Capita raramente che vengano da me a chiedermi di bere il mio sangue, ma quando lo fanno glielo concedo senza farmi problemi.
Una persona normale trovandosi davanti a questa situazione sarebbe già fuggita via in lacrime spaventata, ma io non riesco a farlo.
A loro devo tutto, sono la mia nuova famiglia e non intendo abbandonarli mai.
Le mie mattinate le passo aiutando Yuma a coltivare verdure, lui adora farlo e spesso questa cosa mi fa sorridere.
Tutto questo mi ricorda mia madre, lei sembrava che con le rose ci parlasse, nonostante tutto continua a mancarmi.
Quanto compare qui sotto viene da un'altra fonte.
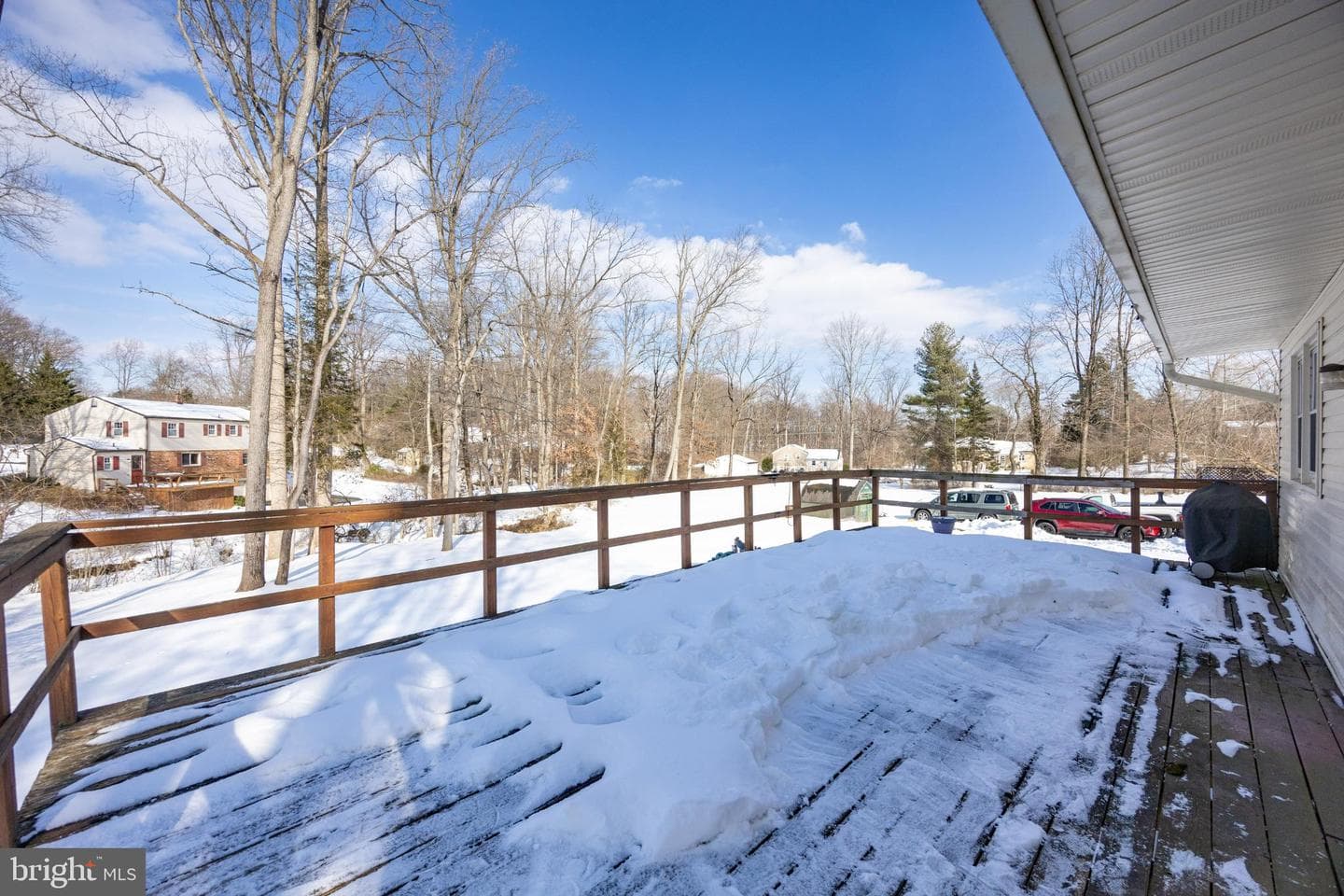 1237 E Strasburg Road photo 32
Qualche volta Azusa invece mi invita nella sua camera, adora farmi vedere i suoi tesori, passa il suo tempo ad affilarli e spesso gli do una mano.
Anche lui non ha avuto un bel passato, per questo mi sento molto simile a lui e capisco come si sente.
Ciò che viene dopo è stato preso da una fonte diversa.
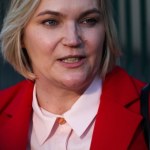 Dominika Chorosińska prosi ludzi o pomoc. Sprawa nagli, pilnie zaapelowała o wpłacanie pieniędzy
Azusa crede che il dolore fisico sia il piacere più grande, dice che lo fa sentire vivo e crede che dia uno scopo alla sua vita in qualche modo.
A causa della sua infanzia si sente indesiderato e inutile tranne quando soffre.
Molte volte mi chiede di fargli del male, di ferirlo con uno dei suoi tesori.
Una volta mi ha detto "Se non lo fai, allora mi odi" e non avrei mai voluto che lo pensasse, sono stata odiata da troppe persone in passato, almeno dalla mia nuova famiglia ci tengo ad essere accettata e amata.
Ruki invece è l'unico con cui faccio fatica a mantenere in piedi una conversazione che duri più di cinque minuti.
È diverso dai suoi fratelli, fa fatica ad esternare le sue emozioni.
Col tempo ho imparato a conoscerlo, so che anche se non lo da a vedere se mi succedesse qualcosa di grave impazzirebbe.
I Mukami bisogna saperli prendere.
Ho sviluppato un legame diverso con ognuno di loro, mi sono affezionata abbastanza velocemente.
Fortunatamente sanno controllare la loro sete e come ho detto prima sono rare le volte in cui mi chiedono di bere.
Quando si tratta del mio sangue Kou diventa estremamente geloso, dice che deve essere l'unico a potermi mordere.
Con un anno di ritardo Ruki ha deciso di iscrivermi alla loro scuola, l'unica cosa che mi secca è che si tratta di una scuola serale.
Comincerò domani.
Da quello che ho capito c'è solo una regola da rispettare: evitare i Sakamaki.
Ruki non ha aggiunto altro.
Ma una cosa non mi è chiara, chi saranno i Sakamaki?